[Excerpted records Boundary: Start]

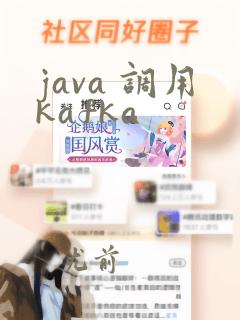 java 调用kafka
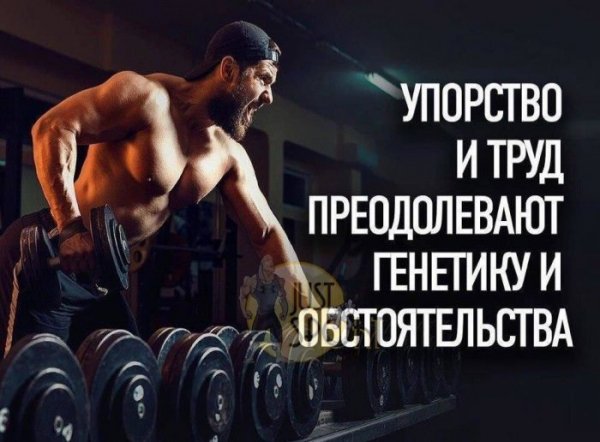 E0f6a839a1666a707eeb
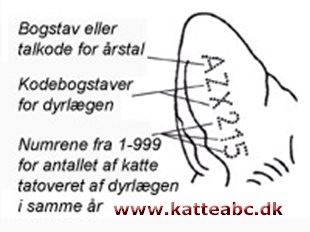 Øremærkning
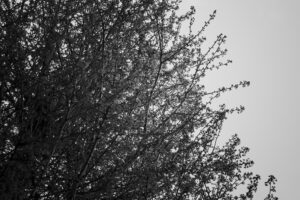 写真作品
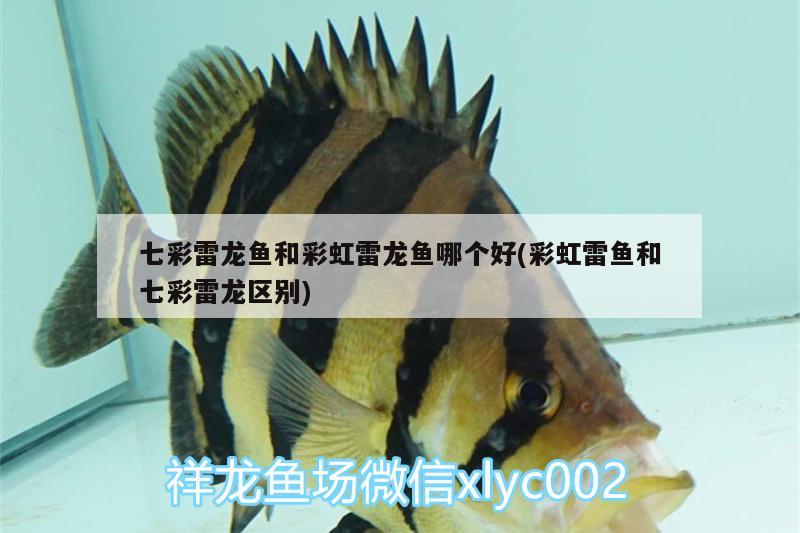 七彩雷龍魚和彩虹雷龍魚哪個好(彩虹雷魚和七彩雷龍區(qū)別) 龍魚專用燈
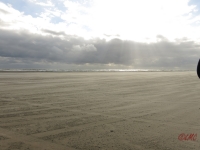 Fanoe_2014_116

[Excerpted records Boundary: End]

Directions for this task>
Skip every picture and retype only the lines from the line with "E0f6a839a1666a707eeb" through the last line of the listing, both ends included, exactly as they appear.

Your response>
 E0f6a839a1666a707eeb
 Øremærkning
 写真作品
 七彩雷龍魚和彩虹雷龍魚哪個好(彩虹雷魚和七彩雷龍區(qū)別) 龍魚專用燈
 Fanoe_2014_116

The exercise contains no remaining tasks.